Immediately after the test, participants used 5-point Liken scales (1 = not at all, 2 = a little bit, 3 = moderately, 4 = a fair bit, 5 = very much) to rate the extent to which they had previously been exposed to the material, thought the material was difficult, and thought the experiment was similar to an actual cramming session. Then they completed the Flow State Scale (FSS) developed by Jackson and Marsh (1996). This scale is a 36-item measure of the flow state as described by Csikszentmihalyi (1990, 1997). It is designed to be administered immediately following a task or activity. Respondents rated the FSS items in relation to their experience in the cramming and testing session they just completed. The nine sub-scales of the FSS include challenge-skill balance (e.g., “my abilities matched the high challenge of the situation”), action-awareness merging (e.g., “I performed automatically”), clear goals (e.g., “I knew clearly what I wanted to do”), unambiguous feedback (e.g., “I was aware of how well I was performing”), concentration on the task at hand (e.g., “my attention was focused entirely on what I was doing”), sense of control (e.g., “I had a feeling of total control”), loss of self-consciousness (e.g., “I was not worried about my performance during the event”), transformation of time (e.g., “it felt like time stopped while I was performing”), and autotelic experience (e.g., “I found the experience extremely rewarding”). Students rated the items with 5-point Likert scales (1 = strongly disagree, 2 = disagree, 3 = neither agree nor disagree, 4 = agree, 5 = strongly agree). Scores on the FSS can range from 36-180, with higher scores indicating higher flow experiences. Jackson and Marsh (1996) report that the FSS possesses adequate reliability and validity.

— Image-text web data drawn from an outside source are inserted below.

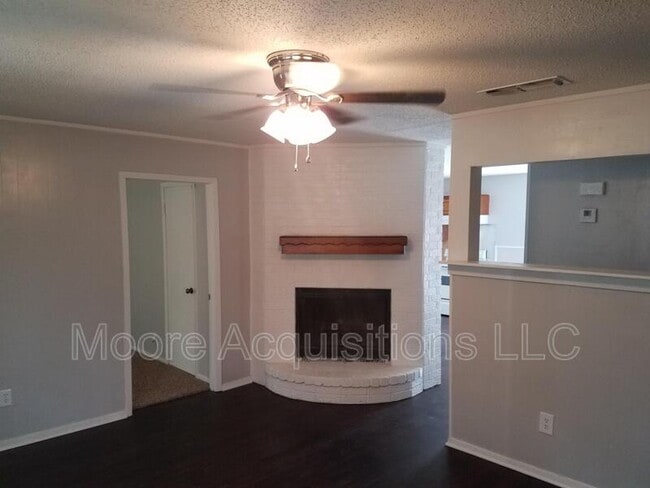 Building Photo - 3510 Garland Rd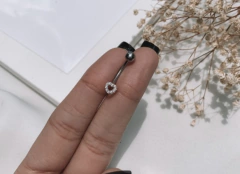 Piercing umbigo coração cravejado na internet
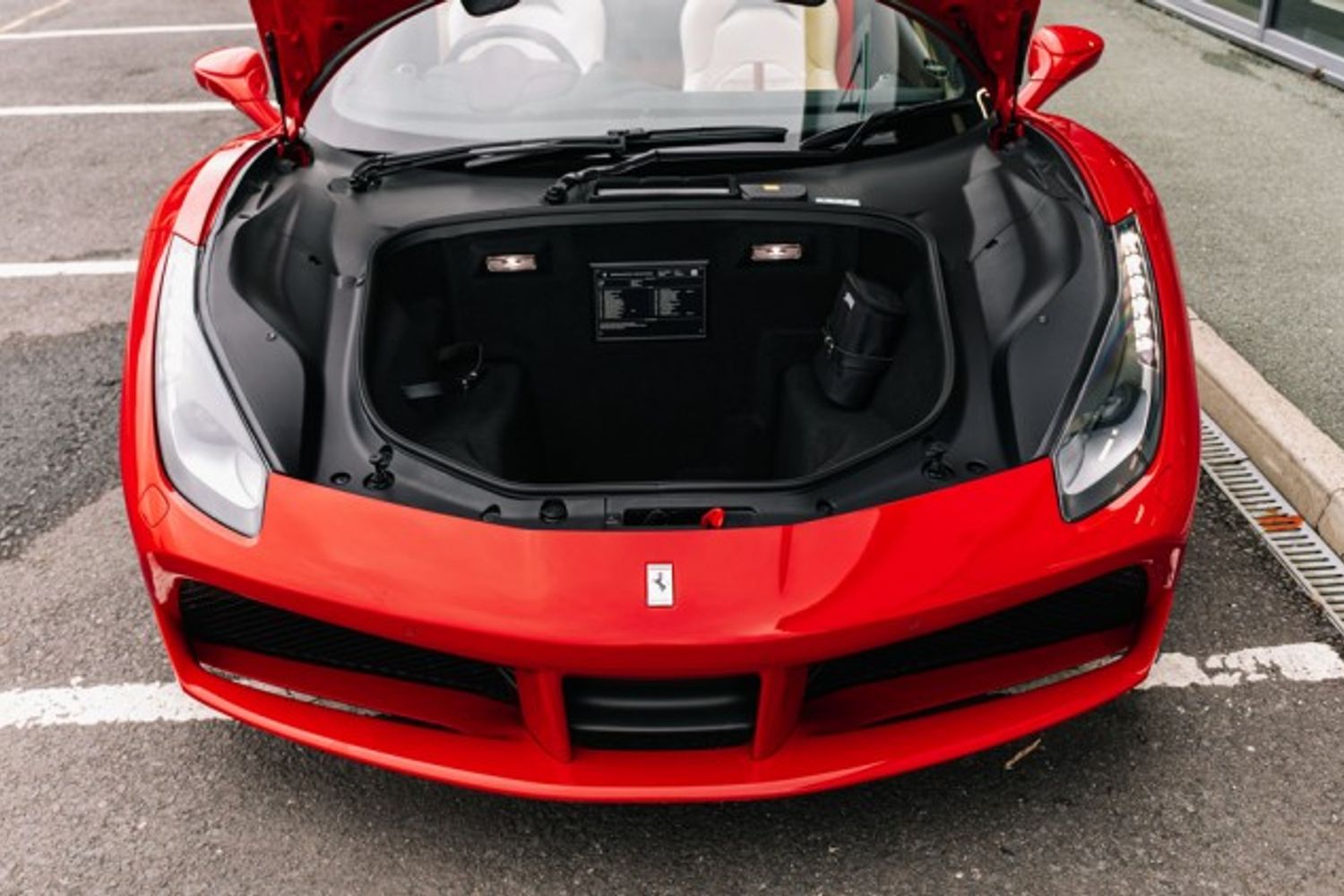 FERRARI 488 CONVERTIBLE 3.9 SPIDER 2DR SEMI AUTOMATIC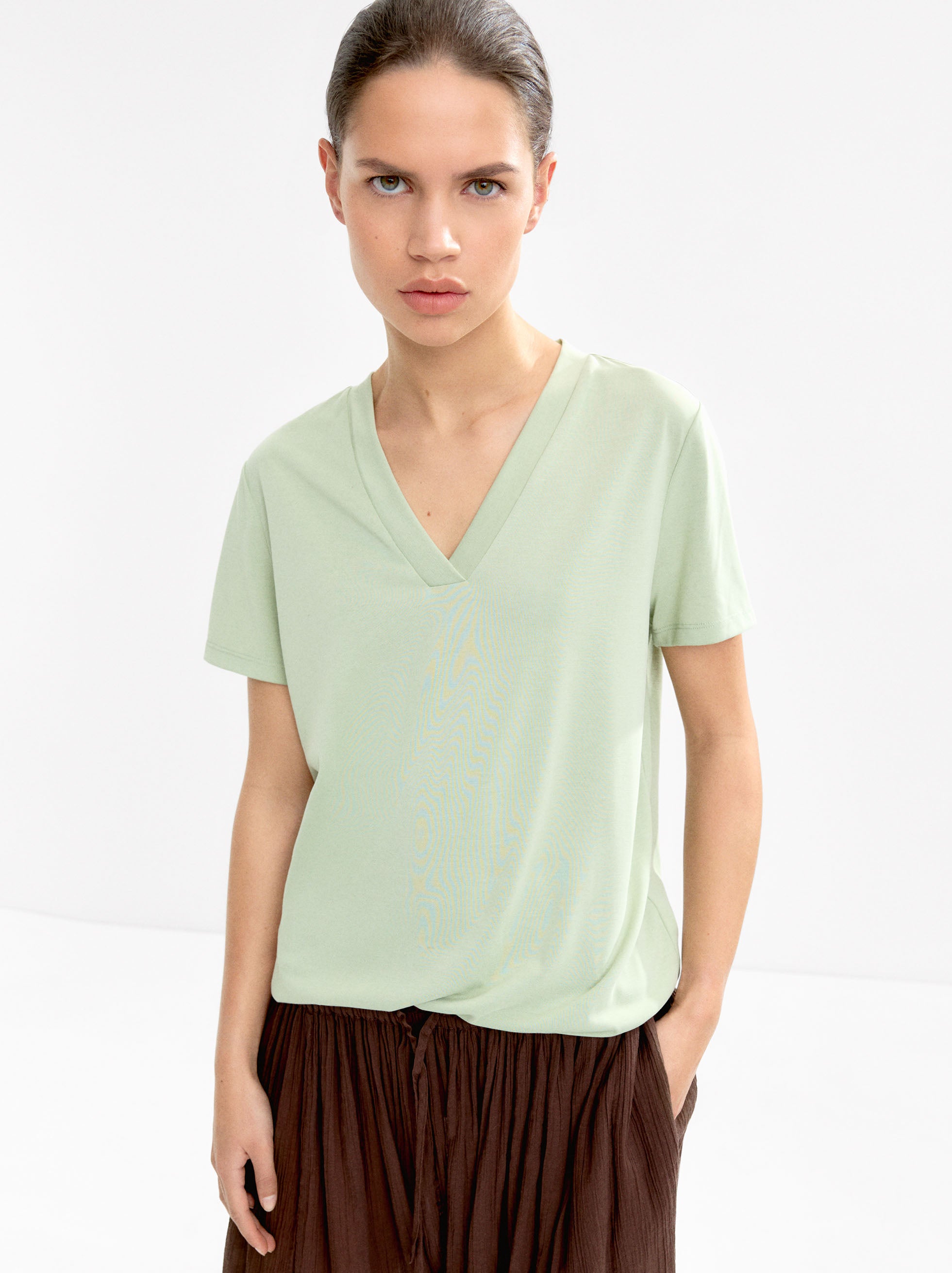 Camiseta Básica Cuello Pico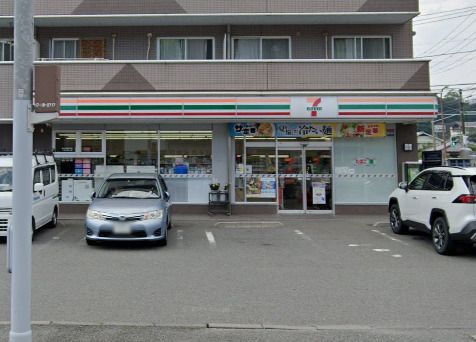 近くのセブンイレブン 逗子桜山3丁目店まで718m（徒歩9分）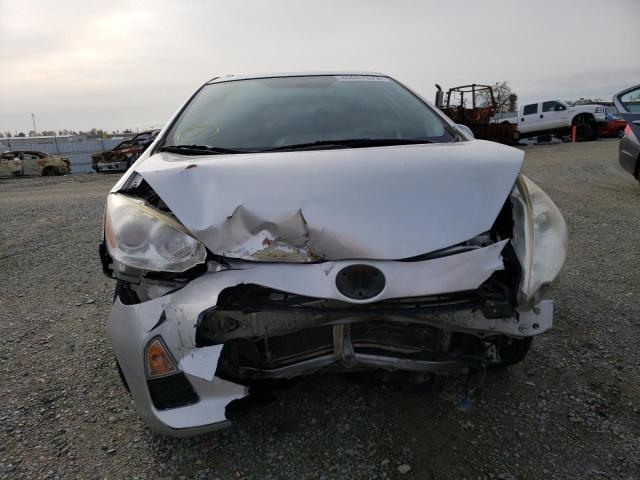 Photo 5 from auction – 2014 TOYOTA PRIUS C with VIN JTDKDTB33E1061740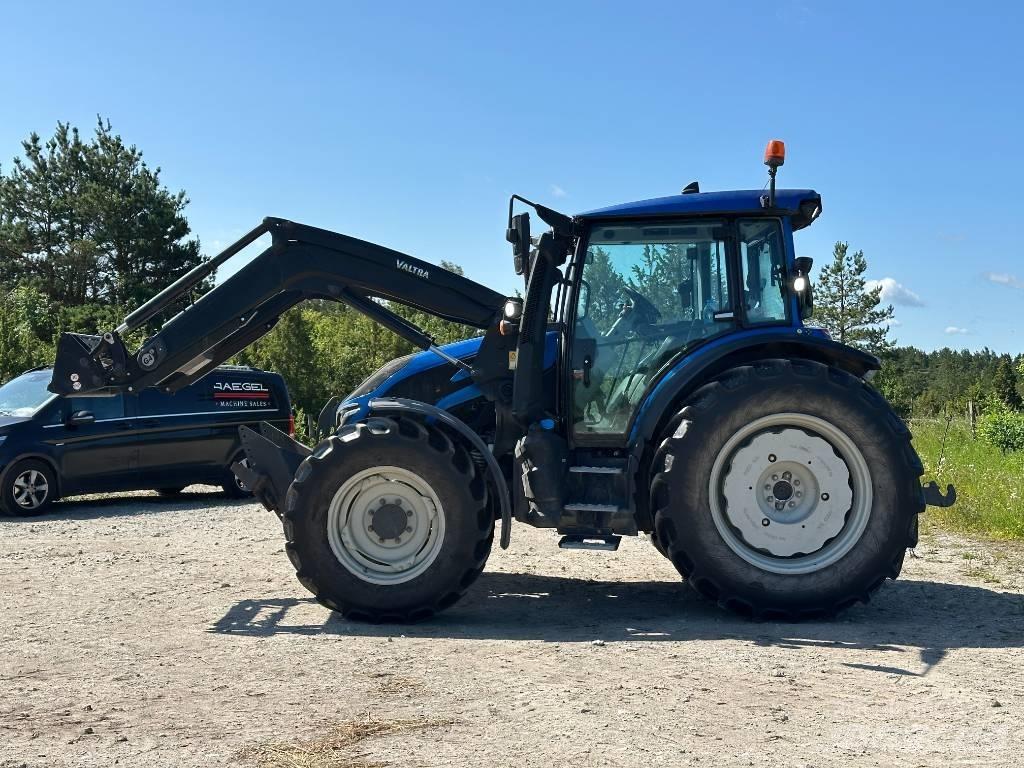 Valtra G 135 Versu Tractors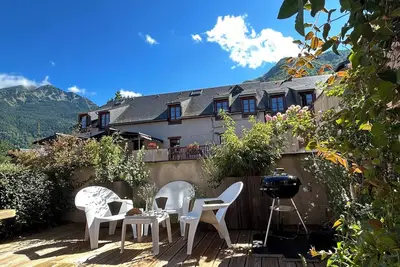 Image de T3 6/8 pers avec grande terrasse, piscine, wifi, parking à Vignec / Saint-Lary
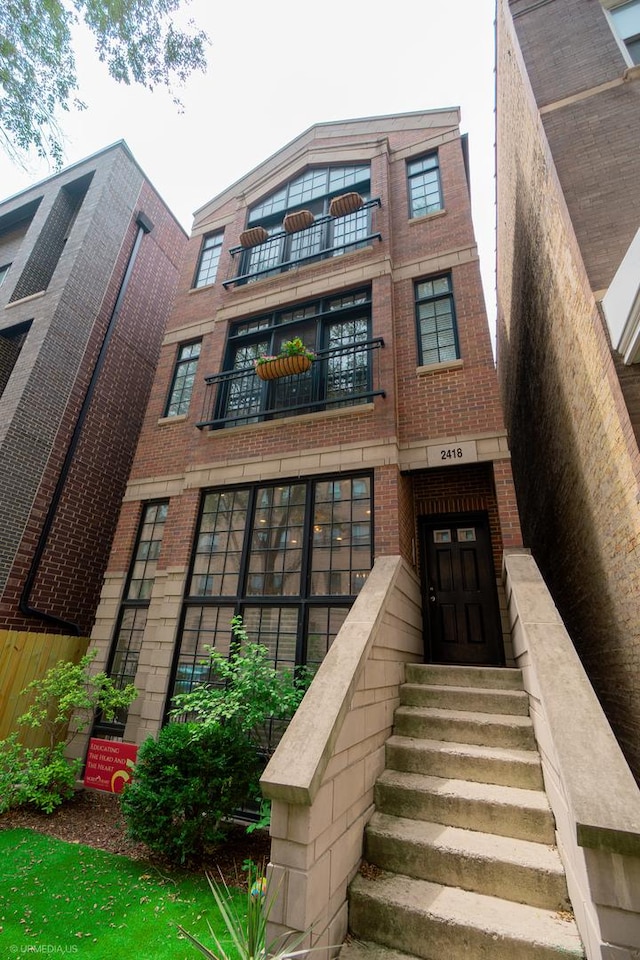 2418 N Southport Ave Unit 1, Chicago, IL 60614 - view of property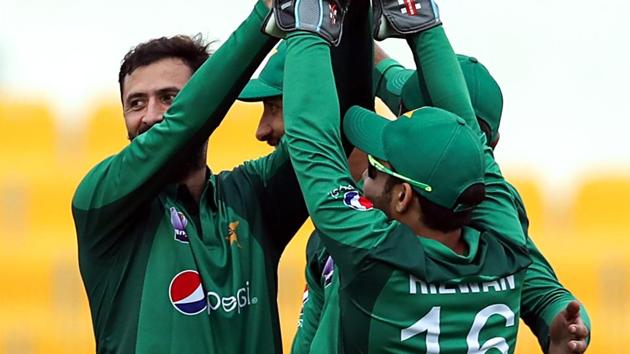 Pakistani cricketer Junaid Khan (L) celebrates with his teammates after a dismissal.(AFP)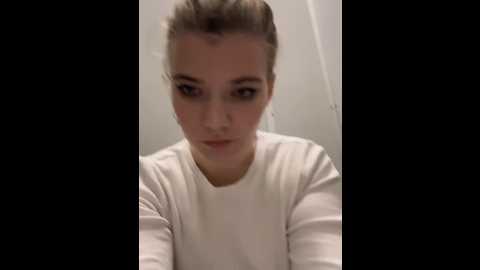 Media: holy_tereza Stripchat 2024-11-12 19:19:00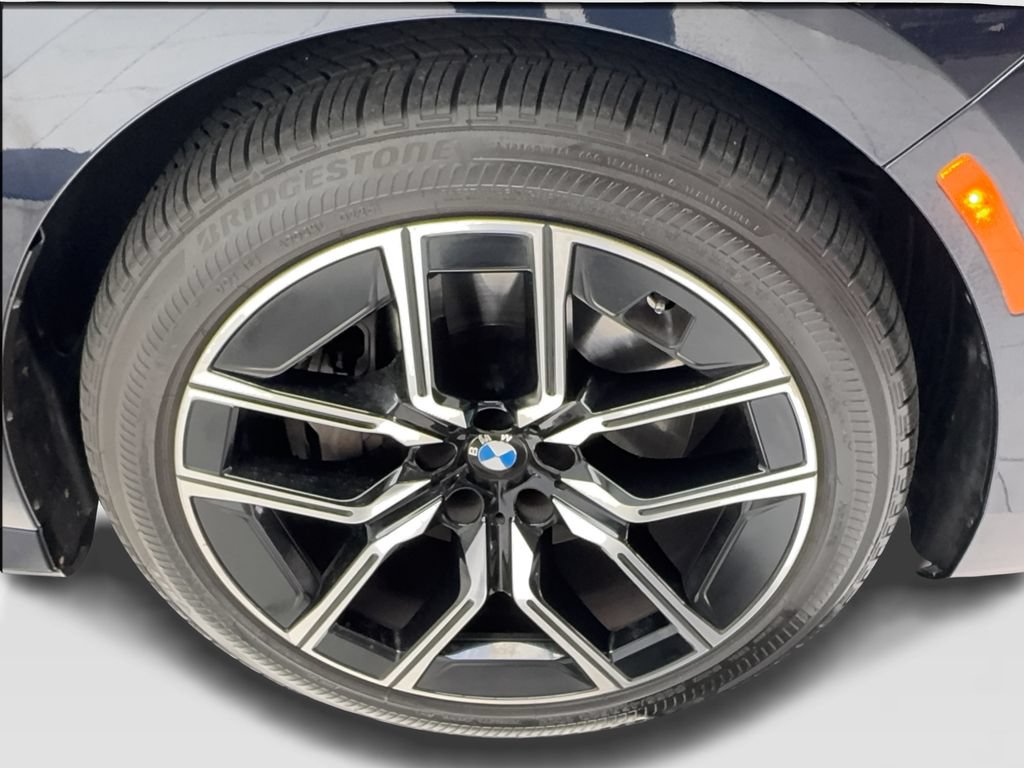 Used 2024 BMW 740i RWD image 15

Order of presentation of the cramming/testing session, procrastination scale, study habits assessment, and general flow measure was counterbalanced across groups of participants (i.e., all participants tested in the same group received the same order). Following completion of all materials, participants were thanked and debriefed.


Table 1 presents the descriptive statistics for the major variables used in the study. As suggested by these data, students reported cramming more often during the current semester than they preferred to cram, t(160) = 15.32, p < .001. They also indicated that they crammed more often by necessity than by choice, t(160) = 2.53, p < .02. In addition, last-minute cramming was frequently reported by the students. Scores on the Academic Procrastination State Inventory and the Flow State Scale were normally distributed. Not surprisingly, students answered only around 45% of the multiple-choice items correctly. The distribution of test scores was also normally distributed. Finally, the respondents' mean frequency of general flow experience was above the scale mid-point (corresponding to "occasionally; often enough to be considered a familiar experience").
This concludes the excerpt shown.